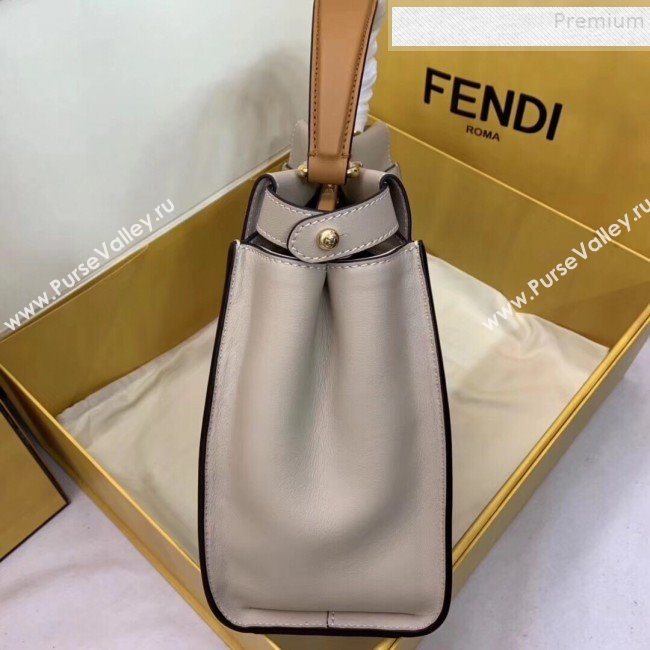 Fendi Peekaboo Iconic Calfskin Medium Bag Beige Grey 2019 (AFEI-9083103)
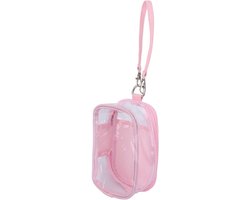 Schattige opbergtas voor verzamelfiguren en knuffels, transparante en stofdichte beschermtas met handvat voor sleutelhangers en speelgoed (Roze)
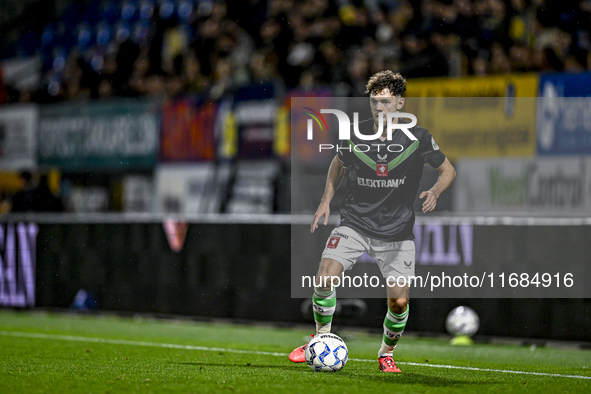 FC Twente forward Mitchell van Bergen plays during the match between RKC and Twente at the Mandemakers Stadium in Waalwijk, Netherlands, on...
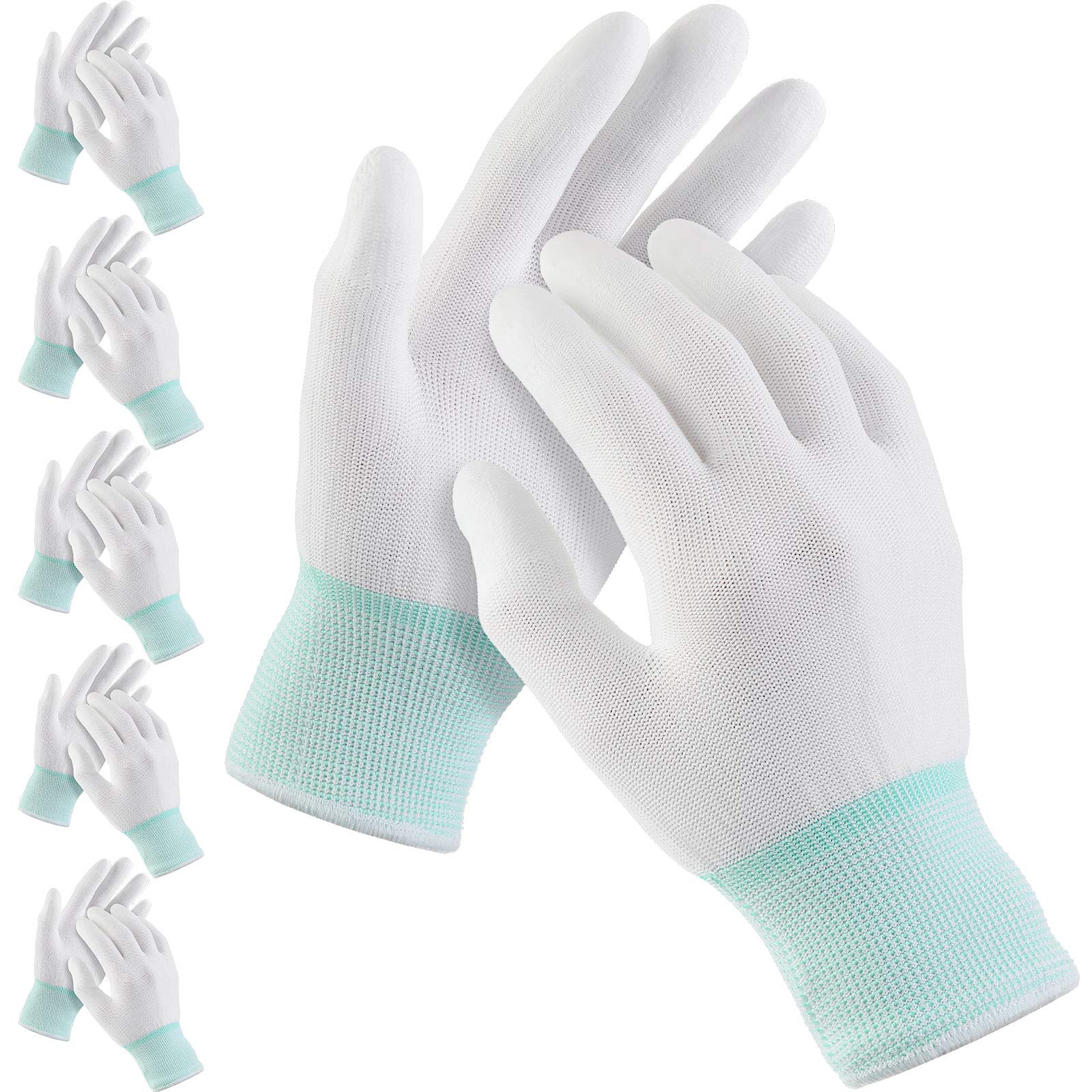 6 Pairs Quilting Gloves for Free-Motion Quilting Machine Quilting Gloves  Lightweight White Nylon Quilting Gloves for Sewing Quilters (Green M) Green  Medium
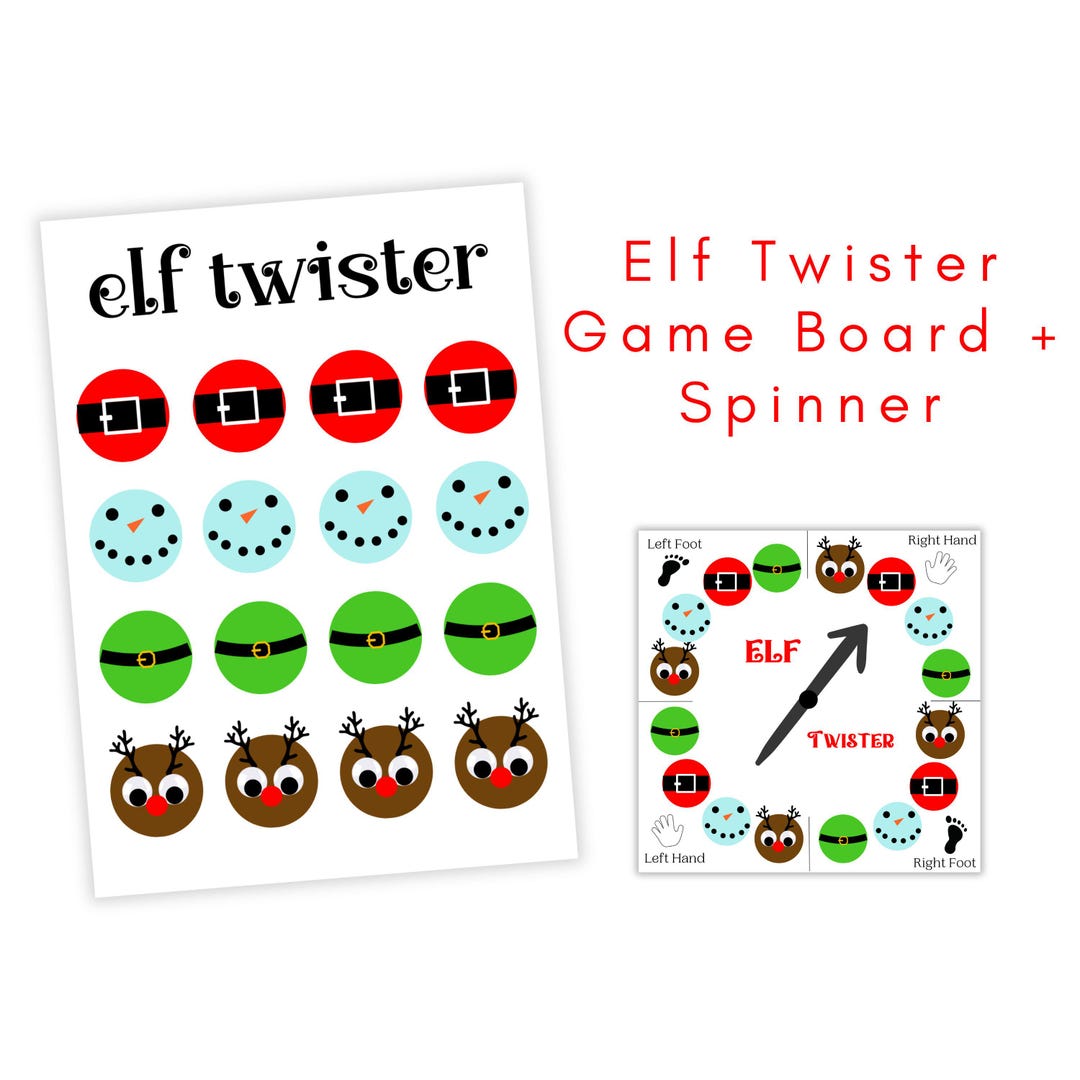 Elf Twister Game | Holiday Card & Spinner Prop - Etsy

# WHAT THE TASK REQUIRES
Each record above is to be written out exactly; the pictures are not.

# SOLUTION TO THE EXERCISE
 Fendi Peekaboo Iconic Calfskin Medium Bag Beige Grey 2019 (AFEI-9083103)
 Schattige opbergtas voor verzamelfiguren en knuffels, transparante en stofdichte beschermtas met handvat voor sleutelhangers en speelgoed (Roze)
 FC Twente forward Mitchell van Bergen plays during the match between RKC and Twente at the Mandemakers Stadium in Waalwijk, Netherlands, on...
 6 Pairs Quilting Gloves for Free-Motion Quilting Machine Quilting Gloves  Lightweight White Nylon Quilting Gloves for Sewing Quilters (Green M) Green  Medium
 Elf Twister Game | Holiday Card & Spinner Prop - Etsy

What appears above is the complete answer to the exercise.